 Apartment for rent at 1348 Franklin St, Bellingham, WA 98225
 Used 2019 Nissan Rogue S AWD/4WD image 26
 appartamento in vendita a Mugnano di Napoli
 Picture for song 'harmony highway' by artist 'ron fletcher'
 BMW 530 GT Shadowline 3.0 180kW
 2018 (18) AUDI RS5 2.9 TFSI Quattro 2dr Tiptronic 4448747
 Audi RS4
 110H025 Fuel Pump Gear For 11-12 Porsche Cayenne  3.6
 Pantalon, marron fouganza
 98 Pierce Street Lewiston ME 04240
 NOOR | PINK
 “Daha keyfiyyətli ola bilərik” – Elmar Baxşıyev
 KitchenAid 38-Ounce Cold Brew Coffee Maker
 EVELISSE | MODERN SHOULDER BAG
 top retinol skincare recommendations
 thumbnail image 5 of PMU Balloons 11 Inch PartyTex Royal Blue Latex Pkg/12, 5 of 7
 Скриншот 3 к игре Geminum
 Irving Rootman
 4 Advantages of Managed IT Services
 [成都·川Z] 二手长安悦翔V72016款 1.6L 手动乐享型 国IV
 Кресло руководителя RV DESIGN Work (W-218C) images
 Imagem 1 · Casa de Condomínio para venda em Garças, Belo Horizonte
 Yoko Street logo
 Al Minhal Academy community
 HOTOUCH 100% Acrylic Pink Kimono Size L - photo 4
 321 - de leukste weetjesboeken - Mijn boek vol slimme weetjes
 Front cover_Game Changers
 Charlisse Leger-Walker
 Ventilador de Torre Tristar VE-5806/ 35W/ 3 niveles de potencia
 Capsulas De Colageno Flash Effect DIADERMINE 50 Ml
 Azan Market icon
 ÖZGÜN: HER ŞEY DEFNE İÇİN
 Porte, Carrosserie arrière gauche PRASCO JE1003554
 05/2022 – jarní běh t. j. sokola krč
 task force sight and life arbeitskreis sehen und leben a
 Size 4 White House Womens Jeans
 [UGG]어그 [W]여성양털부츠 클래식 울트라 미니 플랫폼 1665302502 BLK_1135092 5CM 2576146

====================

■ **Work to be completed**: When the line with "Кресло руководителя RV" is reached in the data above, begin copying, and stop after the line with "Charlisse Leger-Walker"; copy each line exactly, both ends included.

■ **Exercise output**:
 Кресло руководителя RV DESIGN Work (W-218C) images
 Imagem 1 · Casa de Condomínio para venda em Garças, Belo Horizonte
 Yoko Street logo
 Al Minhal Academy community
 HOTOUCH 100% Acrylic Pink Kimono Size L - photo 4
 321 - de leukste weetjesboeken - Mijn boek vol slimme weetjes
 Front cover_Game Changers
 Charlisse Leger-Walker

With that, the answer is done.